Preservation is a critical approach to address California's housing crisis. While new construction remains essential, it alone cannot meet the scale of need. Recently enacted California legislation marks a significant policy shift that prioritizes affordable housing preservation—a strategy that prevents displacement, costs significantly less per unit, and moves faster without lengthy entitlement processes.

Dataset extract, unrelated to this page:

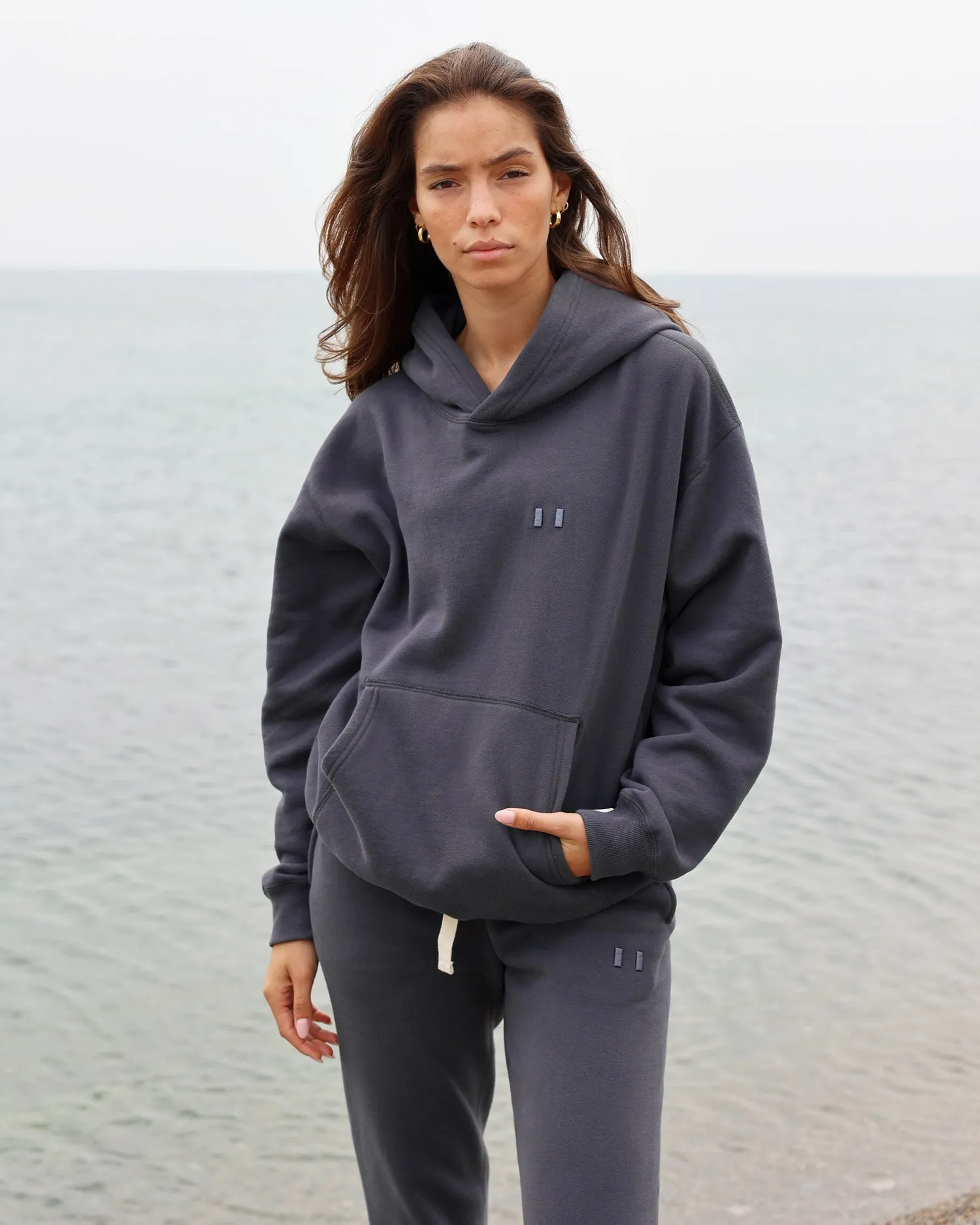 Flag Fleece Hoodie Ink - Unisex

In October, Gov. Gavin Newsom signed two bills that elevate preservation in the tools that local jurisdictions have to meet their state-mandated housing goals known as Regional Housing Needs Allocation (RHNA). Assembly Bill (AB) 670 (Quirk-Silva), focuses on the acquisition and rehabilitation of unsubsidized affordable homes, while Assembly Bill (AB) 726 (Avila Farias), focuses on substantial rehabilitation of existing, deeply-targeted affordable housing.

What is Preservation?

Preservation is an umbrella term for strategies to ensure existing affordable housing remains accessible to low-income families. These include preventing already-subsidized homes from losing affordability restrictions or falling into disrepair, as well as acquisition and rehabilitation (acq-rehab), where mission-driven buyers convert unsubsidized, market-rate housing into restricted affordable homes.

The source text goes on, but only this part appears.